A notable feature of Ramadhan is that fasting during this month had been in vogue even before the birth of the Holy Prophet, Hazrat Muhammad (peace be upon him). The righteous and pious among the Arabs used to observe fasting and pay charity during Ramadhan. The Holy Prophet has streamlined the system of fasting and charity and made them mandatory on all Muslims.
Of the 12 lunar Islamic months, Ramadhan is considered holy primarily because the Almighty God had revealed the Holy Quran on Hazrat Muhammad during this month about 15 centuries ago. The Holy Prophet was deep in meditation in the Cave of Hira in the outskirts of Mecca when he received the Divine Message through Archangel Gabriel (Hazrat Jibrail). The Message from God continued to be revealed on the Holy Prophet thereafter for the next 23 years. This Divine Code is the Holy Quran, the last of the Scriptures of God sent to prophets and messengers from time to time to all places and to all people.
"Ramadhan is also considered holy because God has prescribed fasting and ordained charity. While fasting is obligatory on all Muslims, men and women, without exception, charity is enjoined on only those who are financially sound. The charity given during Ramadhan is of two types, Zakat (compulsory charity) and fitra (alms). Zakat like fasting is one of the five pillars of Islam, the other being Kalima (assertion that there is only one God and that Muhammad is the Messenger of God), Namaz (five daily prayers) and Haj (pilgrimage to Mecca)," says Islamic scholar Hafiz Syed Shujath Hussain.
Referring to the importance of Ramadhan, the Holy Quran (2:185) observes, "Ramadhan is the (month) in which the Qur'an was sent down, as a guide to mankind, also clear (Signs) for guidance and judgement (between right and wrong). So every one of you who is present (at home) during that month should spend it in fasting…"

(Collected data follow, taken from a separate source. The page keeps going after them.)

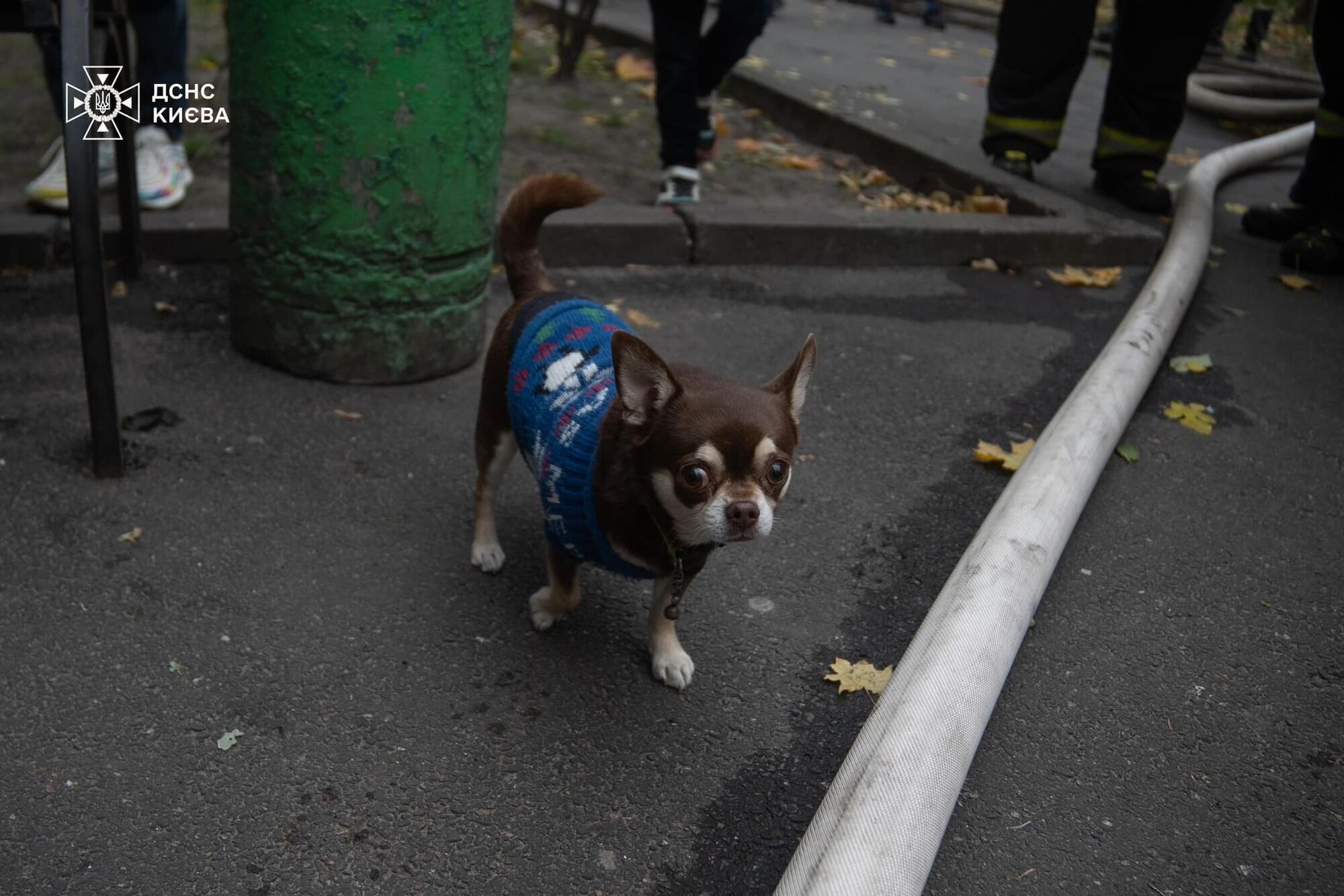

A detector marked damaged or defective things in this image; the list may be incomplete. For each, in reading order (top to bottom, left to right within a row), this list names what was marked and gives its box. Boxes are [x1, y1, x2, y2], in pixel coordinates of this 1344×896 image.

peeling green paint [226, 0, 508, 382]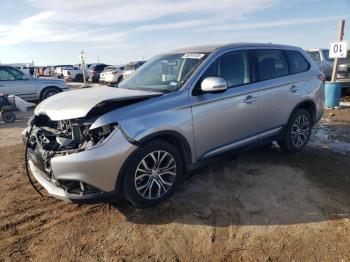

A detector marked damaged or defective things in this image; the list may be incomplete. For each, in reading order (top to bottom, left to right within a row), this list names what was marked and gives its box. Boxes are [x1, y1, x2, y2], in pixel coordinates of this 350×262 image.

crumpled hood [34, 86, 161, 120]
broken front bumper [25, 127, 137, 203]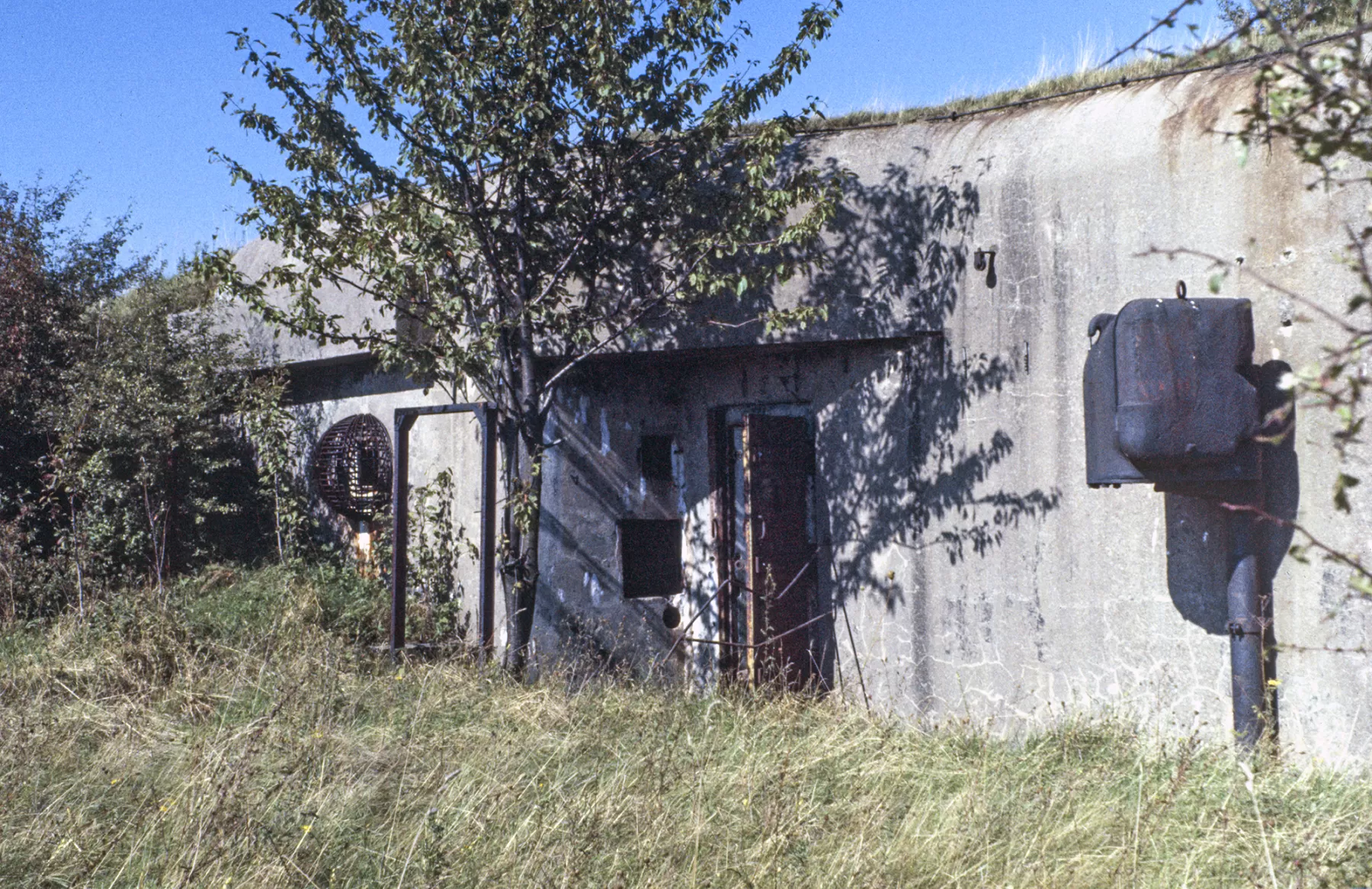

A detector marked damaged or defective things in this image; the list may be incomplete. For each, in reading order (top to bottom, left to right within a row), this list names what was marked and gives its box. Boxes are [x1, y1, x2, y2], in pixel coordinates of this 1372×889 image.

rusted metal frame [390, 400, 497, 665]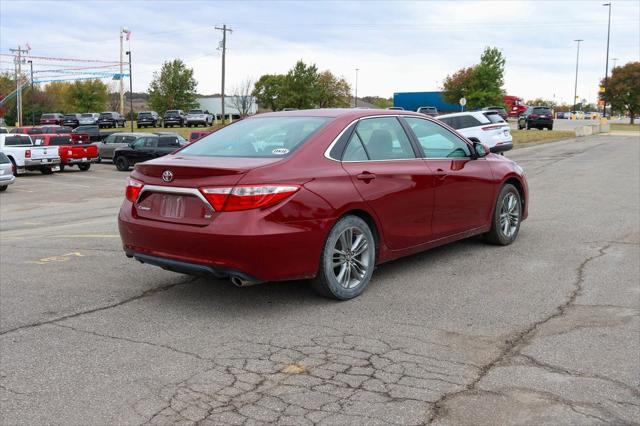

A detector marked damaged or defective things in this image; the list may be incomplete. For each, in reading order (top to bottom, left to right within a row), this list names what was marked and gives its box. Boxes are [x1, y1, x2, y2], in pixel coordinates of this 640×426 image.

pavement crack [0, 274, 198, 338]
cracked pavement [0, 134, 636, 426]
pavement crack [428, 243, 612, 422]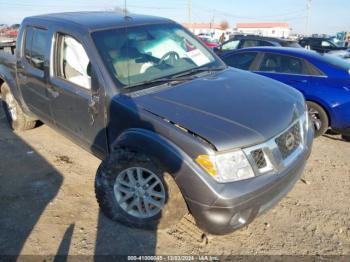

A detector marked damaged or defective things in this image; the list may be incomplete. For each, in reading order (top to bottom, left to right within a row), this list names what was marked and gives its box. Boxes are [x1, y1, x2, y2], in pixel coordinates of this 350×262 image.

crumpled hood [133, 68, 304, 151]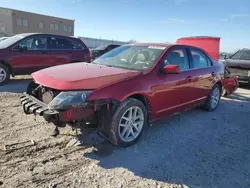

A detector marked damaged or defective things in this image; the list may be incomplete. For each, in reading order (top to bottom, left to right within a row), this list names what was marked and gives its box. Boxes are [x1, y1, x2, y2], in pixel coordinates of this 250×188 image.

damaged red sedan [21, 43, 230, 147]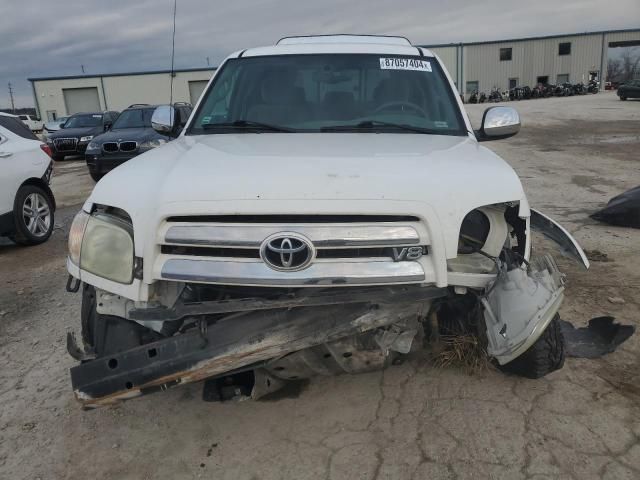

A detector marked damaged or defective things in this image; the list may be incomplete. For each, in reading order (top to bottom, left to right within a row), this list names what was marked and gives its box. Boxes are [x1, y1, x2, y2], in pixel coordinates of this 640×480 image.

The Holy Quran is also specific about the time of revelation during the month of Ramadhan. Elsewhere, the Scripture says, "Indeed, We have revealed this (Message) in the Night of Power. And what will explain to thee what the night of power is? The Night of Power is better than a thousand months" Qur'an (97:1-3).

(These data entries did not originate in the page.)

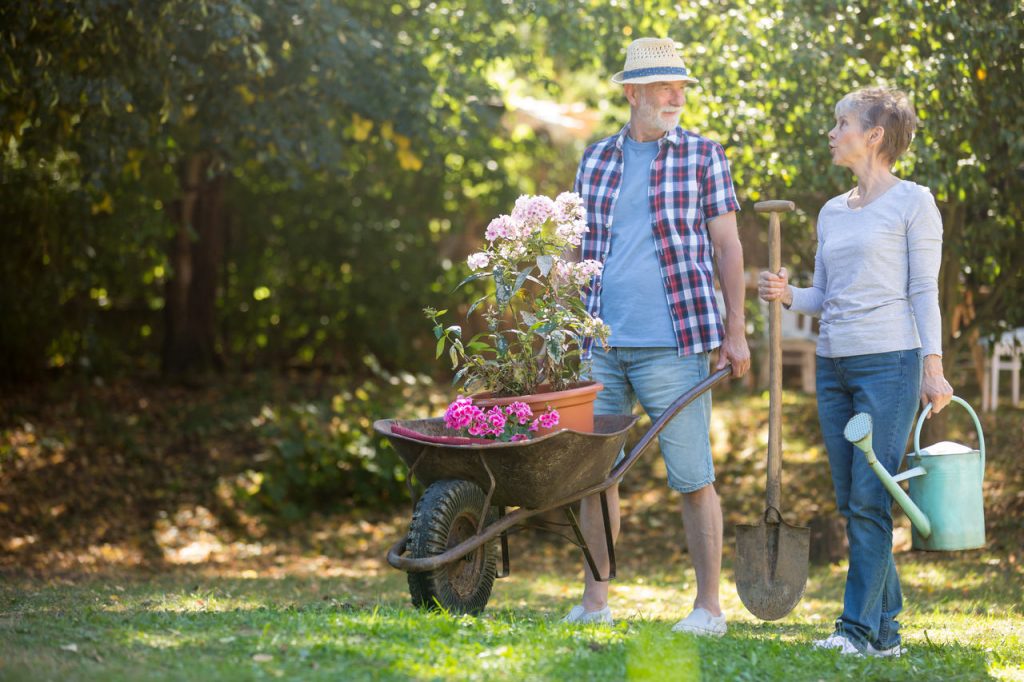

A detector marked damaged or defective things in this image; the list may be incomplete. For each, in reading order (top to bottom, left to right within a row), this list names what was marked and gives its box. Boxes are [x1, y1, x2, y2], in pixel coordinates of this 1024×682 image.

rusty wheelbarrow [372, 364, 732, 612]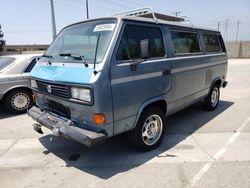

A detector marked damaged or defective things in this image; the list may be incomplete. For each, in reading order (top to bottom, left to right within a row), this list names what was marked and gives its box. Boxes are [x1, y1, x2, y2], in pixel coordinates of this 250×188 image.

damaged front bumper [27, 106, 107, 147]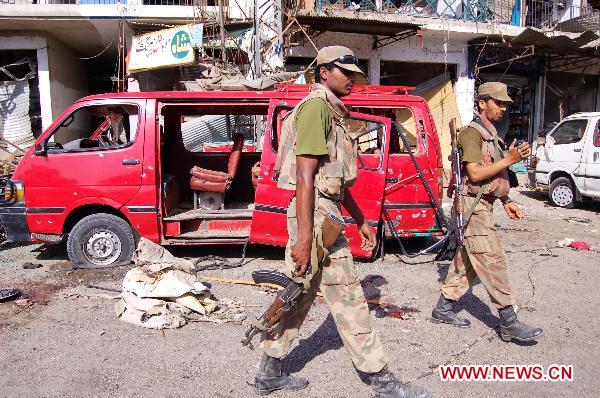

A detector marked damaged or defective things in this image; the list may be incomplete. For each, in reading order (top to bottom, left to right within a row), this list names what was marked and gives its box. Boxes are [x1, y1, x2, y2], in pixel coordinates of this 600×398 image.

damaged red van [0, 84, 440, 268]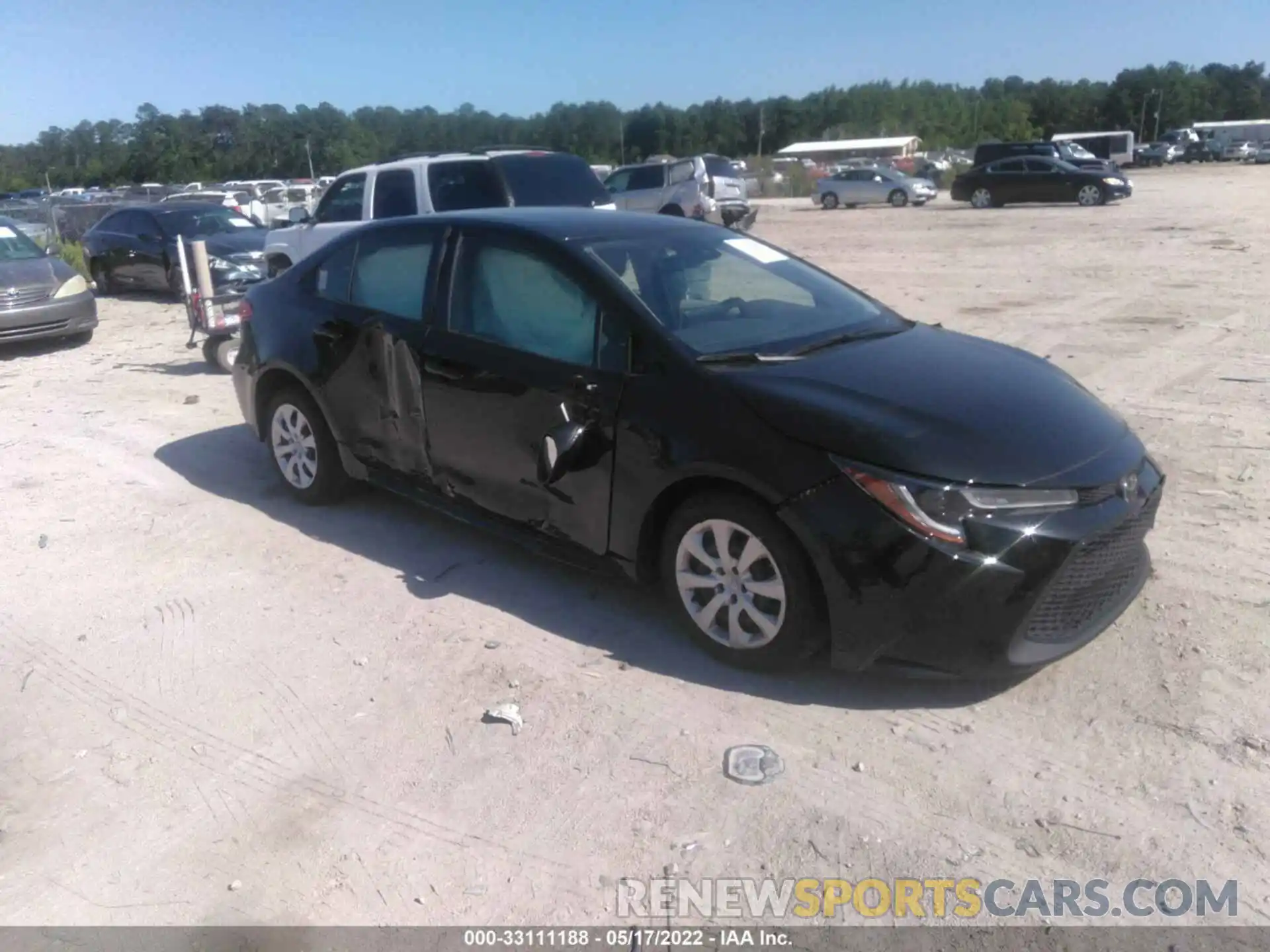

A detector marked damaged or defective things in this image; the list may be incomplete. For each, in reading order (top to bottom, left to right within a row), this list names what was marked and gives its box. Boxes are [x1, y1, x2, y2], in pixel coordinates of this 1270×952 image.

damaged car door [310, 222, 444, 477]
damaged car door [419, 229, 622, 555]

"The Night of Power or Lailat-ul-Qadr falls on one of the odd nights in the last 10 days of Ramadhan. Muslims spend in prayers all through the night supplicating to the Almighty for peace and blessings on all people and all creatures. Ramadhan is the occasion for Muslims to mend their ways and establish a direct link with the Creator," points out Islamic teacher Moulana Abdul Kareem.

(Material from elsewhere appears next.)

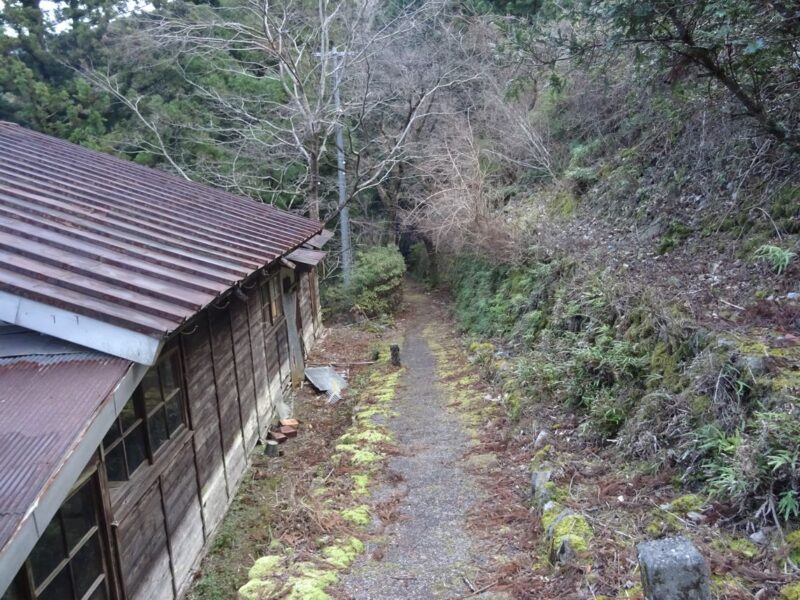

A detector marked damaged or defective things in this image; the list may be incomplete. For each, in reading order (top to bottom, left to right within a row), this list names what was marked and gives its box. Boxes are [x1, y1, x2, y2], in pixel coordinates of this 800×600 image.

rusty corrugated roof [0, 122, 322, 338]
rusty corrugated roof [0, 324, 130, 564]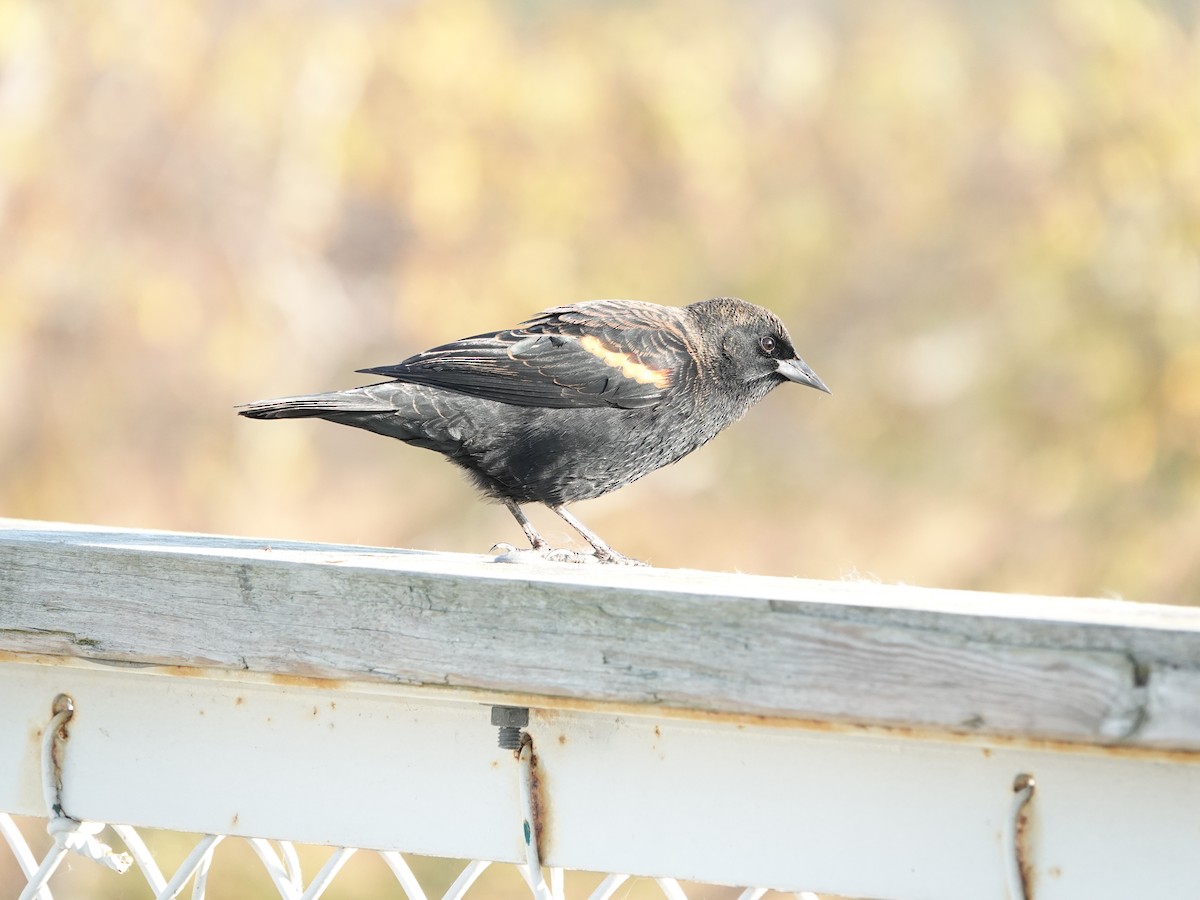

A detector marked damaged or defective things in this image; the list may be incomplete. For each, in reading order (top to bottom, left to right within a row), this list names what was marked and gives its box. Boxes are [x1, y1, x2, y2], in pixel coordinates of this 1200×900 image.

rust stain [576, 333, 672, 386]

In commemoration of the revelation of the Holy Quran, special night prayers called the Taraveeh are held in all mosques and at select homes and other places. Hafiz (those who know the Quran byheart) recite the Holy Quran in parts on 30 nights. In Hyderabad and other Indian cities, special arrangements are also made for women to offer the Taraveeh prayers.
Referring to the importance of fasting, the Holy Prophet observed: Allah, the Almighty has said: "every act of man is for him except fasting, it is done for My (Allah's) sake and I will give reward for it. The breath of a person on fast is sweeter to Allah than the fragrance of musk."
Muslims the world over take to heavy charity work during Ramadhan as they believe that Almighty God will reward them 70 fold or even more. According to an Hadith (sayings and traditions of the Prophet), "when Ramadhan starts, the gates of paradise are opened and the gates of Hell are closed and the Satan is chained.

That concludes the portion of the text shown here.